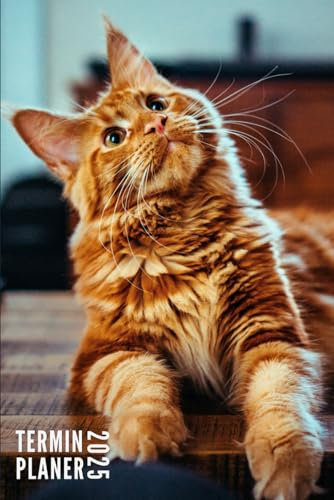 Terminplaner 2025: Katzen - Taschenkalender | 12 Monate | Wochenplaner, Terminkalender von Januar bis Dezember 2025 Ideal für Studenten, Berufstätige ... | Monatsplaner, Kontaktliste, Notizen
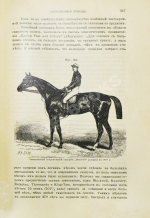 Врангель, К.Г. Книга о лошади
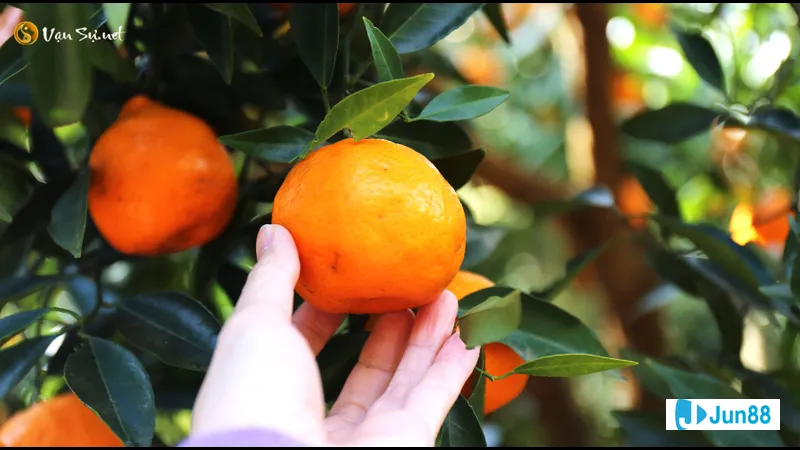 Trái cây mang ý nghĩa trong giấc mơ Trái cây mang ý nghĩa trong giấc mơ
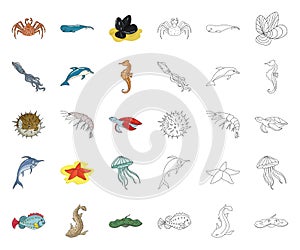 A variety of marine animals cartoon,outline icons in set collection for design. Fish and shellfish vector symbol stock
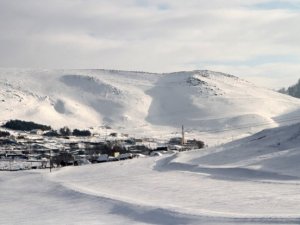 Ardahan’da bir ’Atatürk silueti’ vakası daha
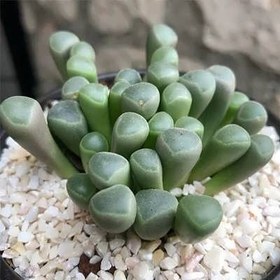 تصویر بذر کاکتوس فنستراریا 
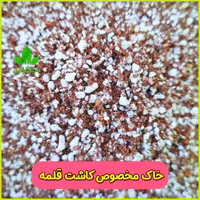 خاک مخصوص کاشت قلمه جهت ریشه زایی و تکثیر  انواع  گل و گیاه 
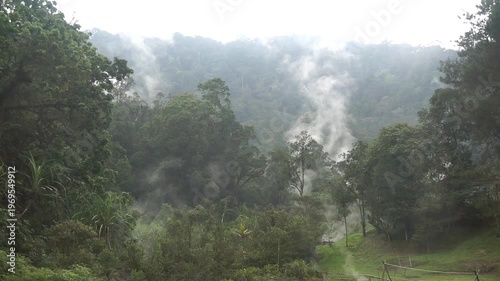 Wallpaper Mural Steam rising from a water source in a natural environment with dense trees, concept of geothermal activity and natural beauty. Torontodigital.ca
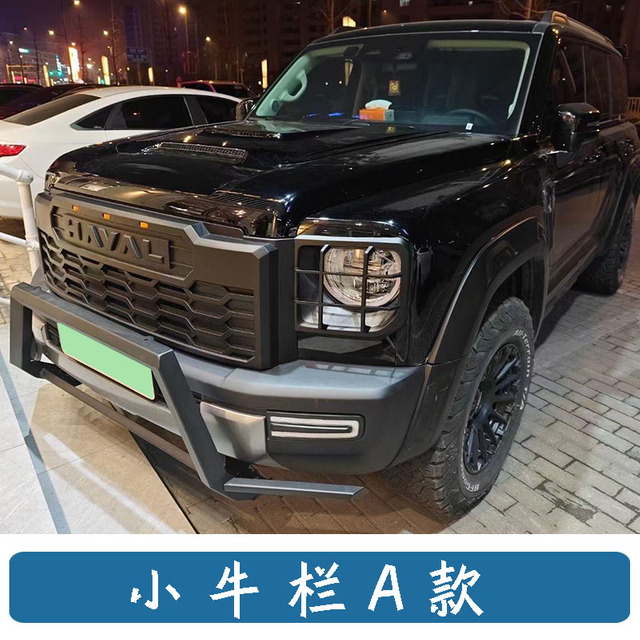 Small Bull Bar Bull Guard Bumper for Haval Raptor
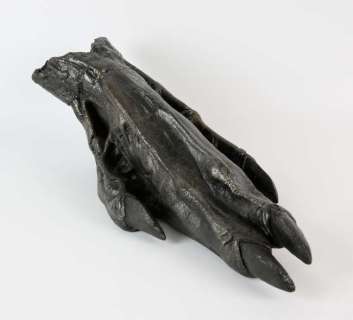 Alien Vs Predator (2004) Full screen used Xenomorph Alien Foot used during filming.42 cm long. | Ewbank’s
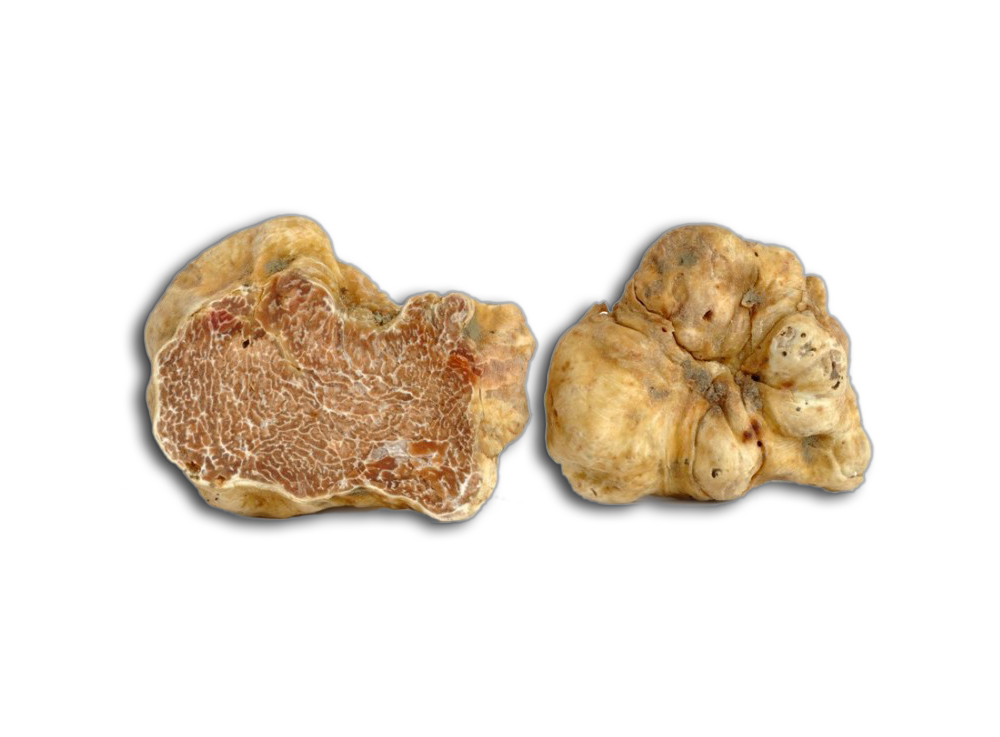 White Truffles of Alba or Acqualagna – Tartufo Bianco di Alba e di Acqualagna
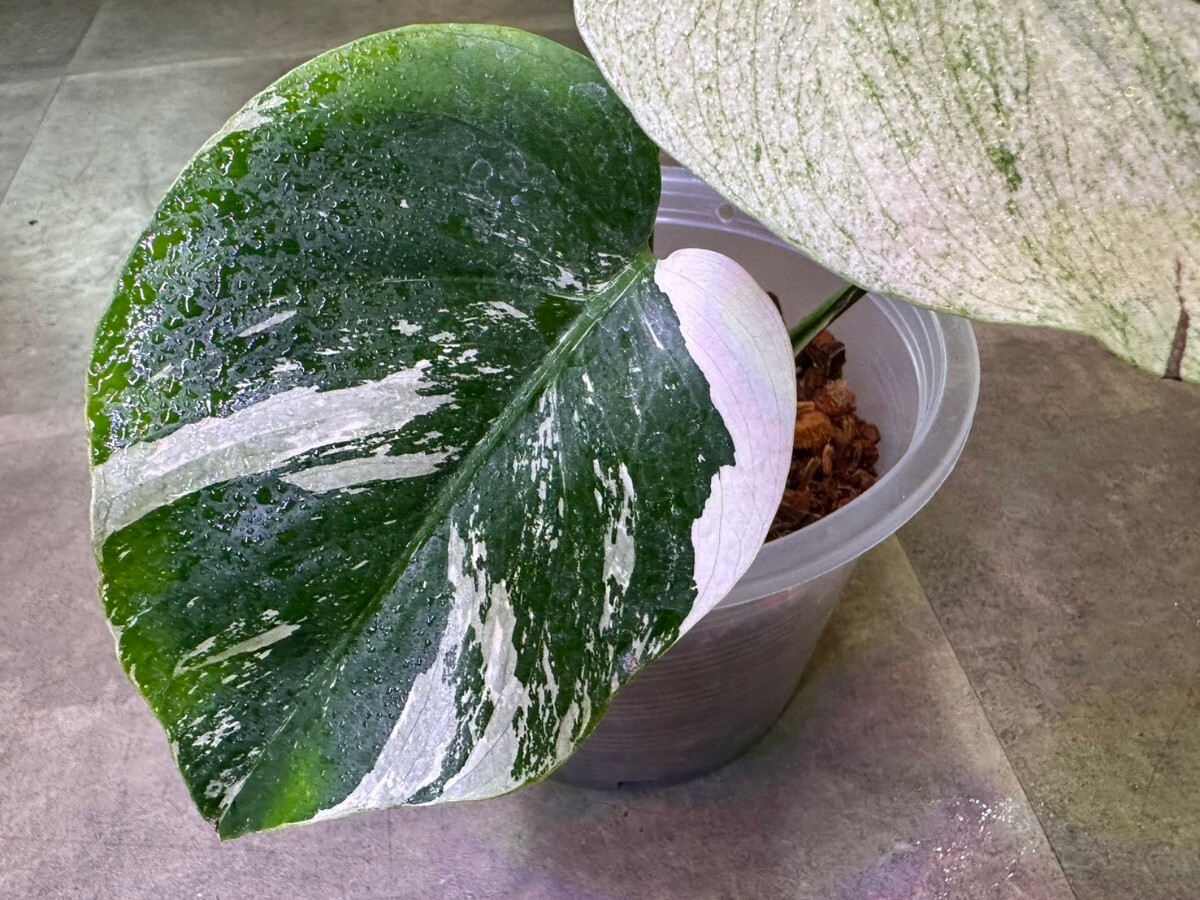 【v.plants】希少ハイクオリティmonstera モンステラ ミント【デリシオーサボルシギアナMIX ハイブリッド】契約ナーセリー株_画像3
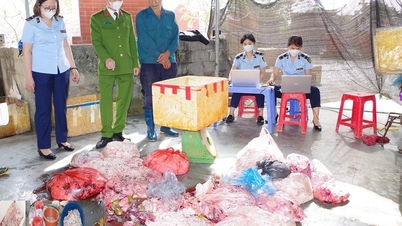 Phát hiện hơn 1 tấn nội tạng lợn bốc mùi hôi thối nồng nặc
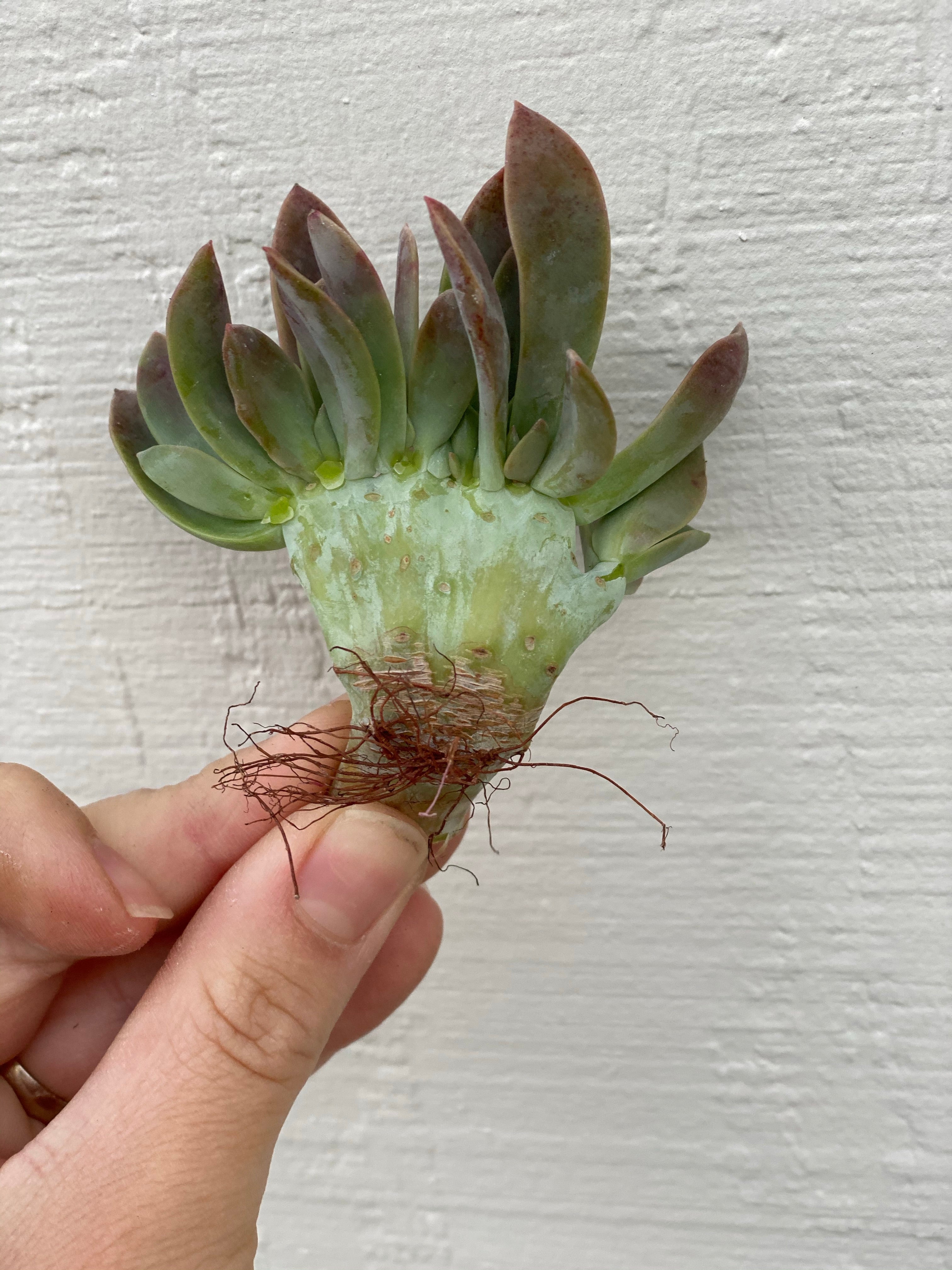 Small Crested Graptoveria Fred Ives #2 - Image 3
== == ==
● **Problem details**
Everything from the line that contains "Phát hiện hơn" through the final line of the material should be returned exactly, except the pictures.

● **Result**
 Phát hiện hơn 1 tấn nội tạng lợn bốc mùi hôi thối nồng nặc
 Small Crested Graptoveria Fred Ives #2 - Image 3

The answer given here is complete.